The beautiful Orange Tail Damsel Fish has striking coloration and can make a dramatic addition to many reefs or saltwater aquariums.
Although Orange Tail Damsel Fish are relatively hardy, they do require high water quality in order to remain in optimal health. In the wild, Orange Tail Damsel Fish are found in groups of one male and several young fish or several females. They normally feed on algae and various copepods and inhabit reef flats or sheltered clear lagoons with rubble and coral at the bottom. In captivity, Orange Tail Damsel Fish can usually be kept with a variety of other fish. However, they may show some aggression toward members of their own species.
The Other Common Names for Orange tail Damselfish are Orange Tail Blue Damsel Fish, Sapphire Devil Fish, Blue Damsel Fish.
General Size Specifications: The Orange Tail Damsel Fish usually reaches lengths of about three inches (eight centimeters). These fish are available in varying shades of blue, ranging from bright blue to a deeper cyan color. Their tails and fins are a yellowish orange color. Female and juvenile Orange Tail Damsel Fish have black dots at the bases of their dorsal fins, and females may lack the yellow tail coloration.
Habitat: One of the more popular Damsel Fish kept in captivity, Orange Tail Damsels are often collected from Australia's Coral Sea.

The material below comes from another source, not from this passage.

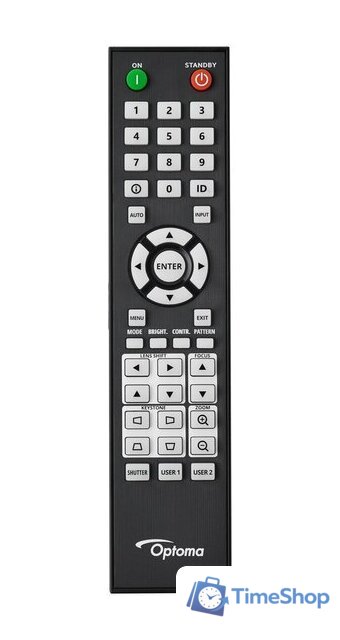 Проектор Optoma ZU920T - Изображение №2 — Интернет-магазин Time-Shop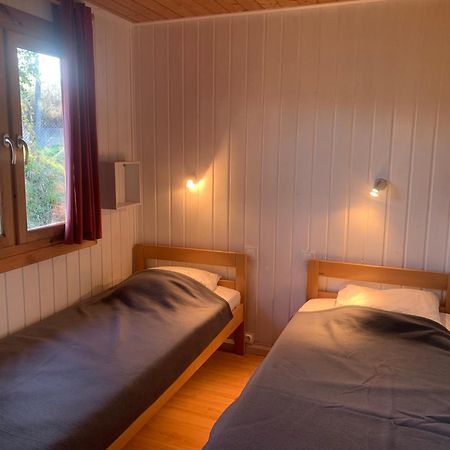 Camping Familial Paisible Avec Piscine, Mobil Home , Chalet, Studio & Emplacement Nue Casties-Labrande المظهر الخارجي الصورة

These fish are native to most of the Indo Pacific, and range from the eastern regions of the Indian Ocean to the western Pacific.
Minimum Tank Size: The Orange Tail Damsel Fish should be kept in aquariums that hold at least 30 gallons of water. Bright lighting is preferred. They are reef-safe and can do well in temperatures ranging between 72 and 78 degrees Fahrenheit. When kept alone, Orange Tail Damsel Fish can tolerate salinity conditions between 1.020 and 1.025 specific gravity. They do well at a pH of 8.1 to 8.4. The Orange Tail Damsels are often maintained on flake food. They can also be fed fresh protein and vegetable items or freeze-dried and frozen foods.
Breeding: Not much is known about the captive breeding of the Orange Tail Damsel Fish. To combine sexes, look for a black dot at the base of the dorsal fin. The lack of such a spot will indicate a male, and the presence of this spot will show that the fish is a female or an immature.